───── Input data ─────
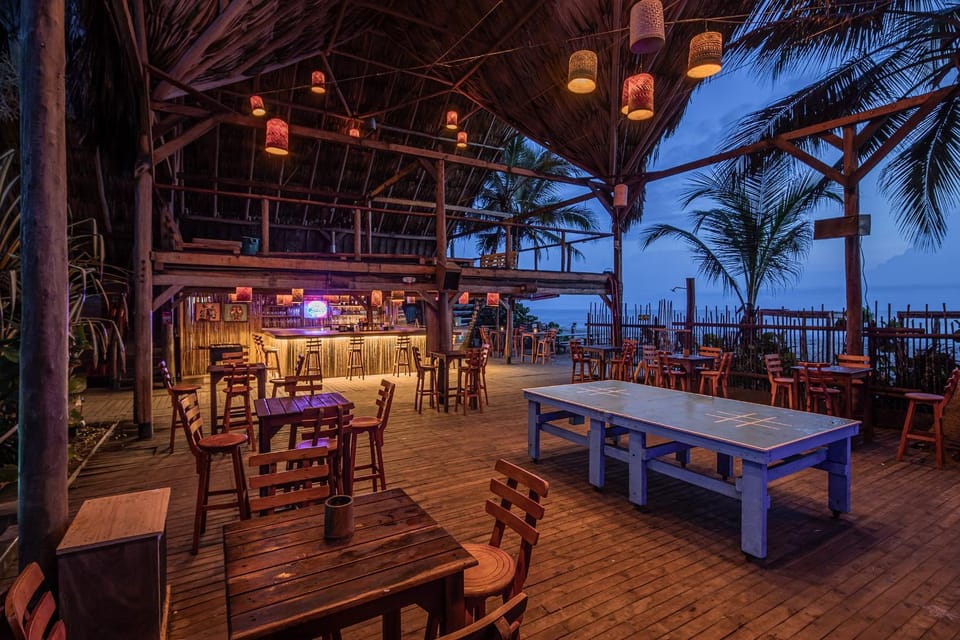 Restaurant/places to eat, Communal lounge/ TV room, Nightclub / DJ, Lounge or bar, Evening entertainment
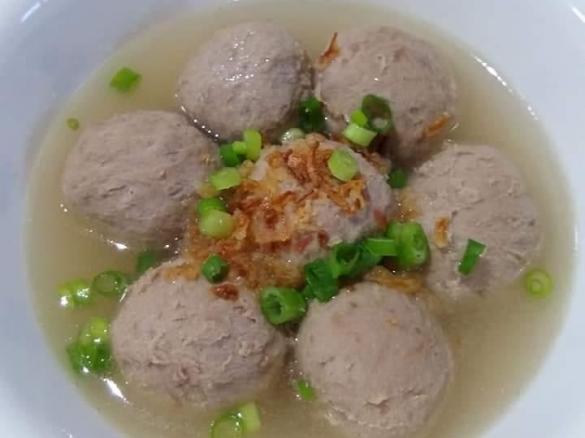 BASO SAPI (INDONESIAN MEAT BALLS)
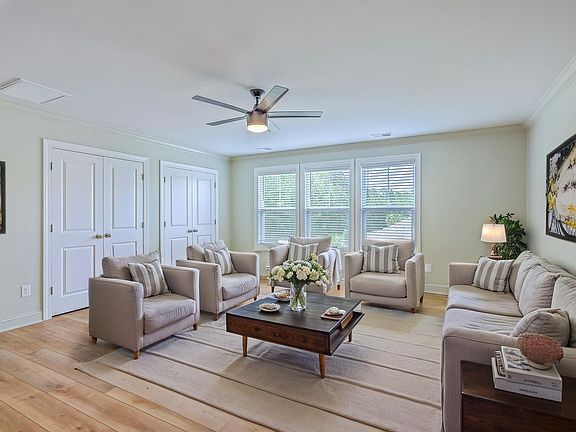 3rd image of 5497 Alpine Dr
─────
───── Input data ─────
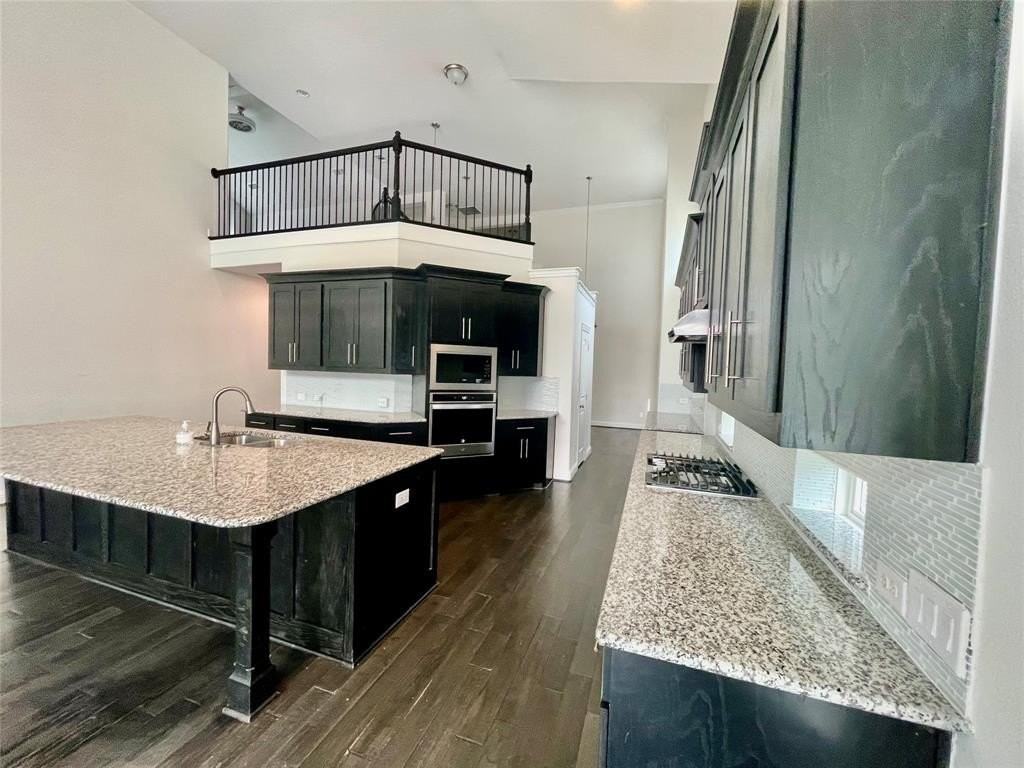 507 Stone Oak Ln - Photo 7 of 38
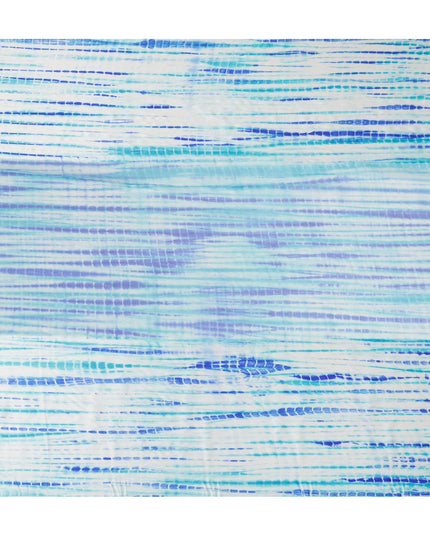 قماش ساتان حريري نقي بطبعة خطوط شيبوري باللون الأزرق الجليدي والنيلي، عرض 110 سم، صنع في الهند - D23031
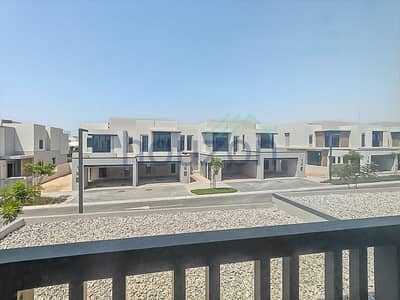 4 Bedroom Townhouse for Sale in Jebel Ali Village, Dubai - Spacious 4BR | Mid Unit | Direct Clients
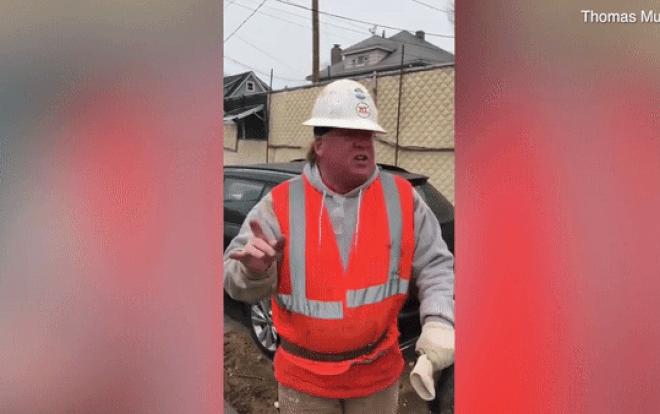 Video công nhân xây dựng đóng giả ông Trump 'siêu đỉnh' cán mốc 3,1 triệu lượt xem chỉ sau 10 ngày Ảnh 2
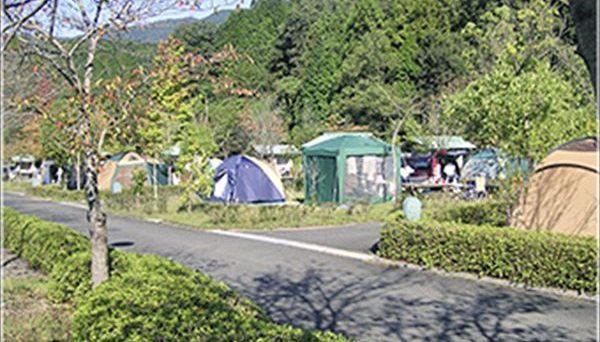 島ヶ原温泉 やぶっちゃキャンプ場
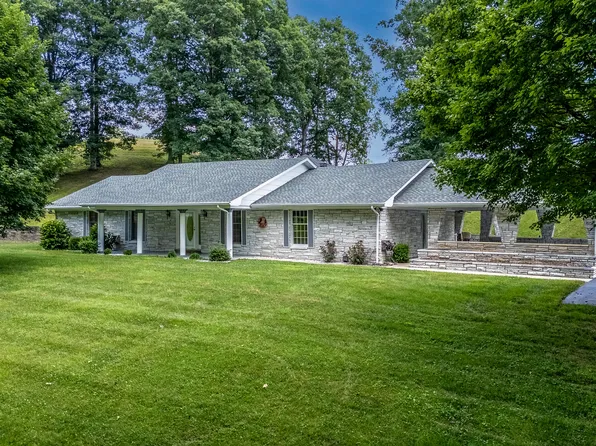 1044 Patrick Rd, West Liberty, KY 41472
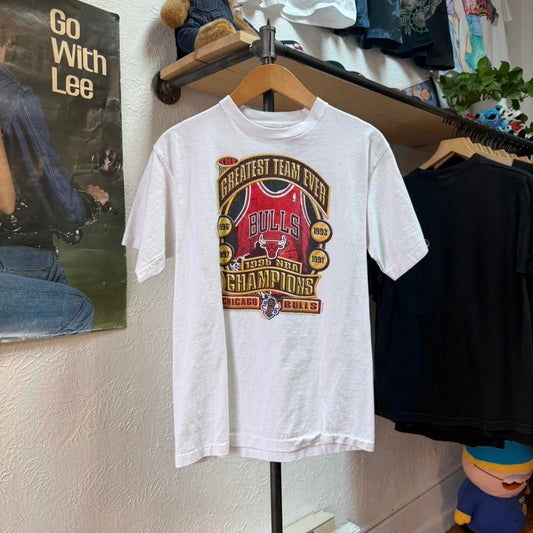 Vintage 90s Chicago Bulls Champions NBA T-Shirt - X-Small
─────
Activity:
Your task is to copy only the lines above starting at the one containing "Video công nhân" and ending at the one containing "Vintage 90s Chicago". Copy them exactly, both ends included, and omit the pictures.

Exercise solution:
 Video công nhân xây dựng đóng giả ông Trump 'siêu đỉnh' cán mốc 3,1 triệu lượt xem chỉ sau 10 ngày Ảnh 2
 島ヶ原温泉 やぶっちゃキャンプ場
 1044 Patrick Rd, West Liberty, KY 41472
 Vintage 90s Chicago Bulls Champions NBA T-Shirt - X-Small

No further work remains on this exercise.